Exercise self restraint when purchasing structures. Determine what you need and only then start the purchasing process. Avoid the natural tendency to randomly “buy and plop”.
Incorporating structures into your layout in a way that works visually involves a little more than “buying and plopping”. Some things to consider………………
- Color: Color and weathering drives everything. Successful color application and weathering can dig you out of a lot of holes. The colors you select and your weathering strategy should be your primary focus. Paint everything. Those light blue, totally appropriate, Rix Products light blue injection molded steel structure kits? Paint them. Those pre-assembled/built ups made from colored styrene? Problematic. Study photos carefully. Work in subtleties and use ink washes. Teach yourself to weather and repeat the mantra, “keep it subtle, keep it toned down” over and over.
- Appropriateness. Is the kit appropriate for the location you intend to use it? When I attend a train show, and see the shopping bags stuffed with structures, I wonder how many actually get built. Not many I bet. Buying a kit and then trying to find a place for it doesn’t work. You need to do the opposite. Determine the structure you need and only then buy one. Sorry, I know, this requires self restraint!
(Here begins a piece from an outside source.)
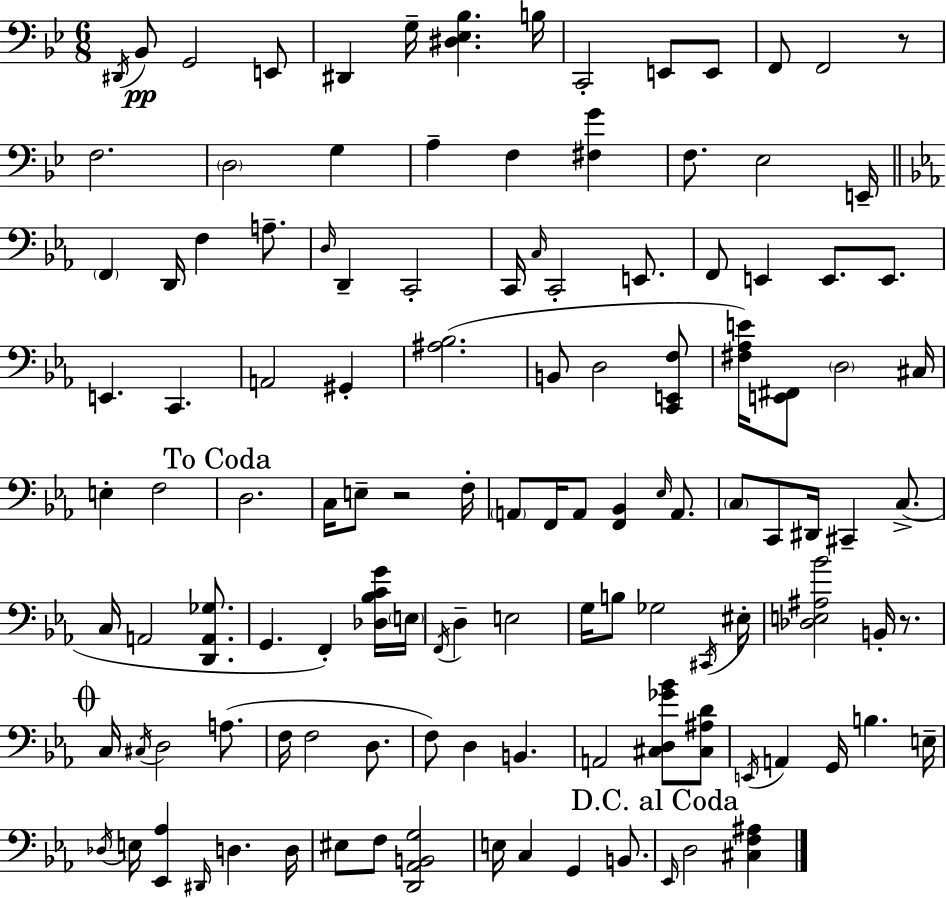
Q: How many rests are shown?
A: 3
- Be keenly aware of cross sections. Overly thick rails, guy wires, vents/pipes and window mullions are tip offs that you are looking at a model. There is a growing range of photo etched products that make replacing overly thick parts a viable option. Tichy makes some very thin injection molded parts. Many manufactures make etched stairs and walkways.
- Basic neatness. It takes practice but learn to produce gap free, tight joints at corners and joining points
- Pay attention to what else is around the structure and the environment it is placed in. Don’t place other structures, roads, or elements too closely to the model you’ve just finished. Allow some space. Again, I know, this requires self restraint.
- Beware of “seen it before” disease. Some kits are so immensely popular that you see them on thousands of layouts. The Walthers ADM grain elevator and New River Mine are two such examples. The brain shuts down when it sees these on your layout and screams the “it’s a toy!” alarm. These are nice kits and the work around is to creatively modify them.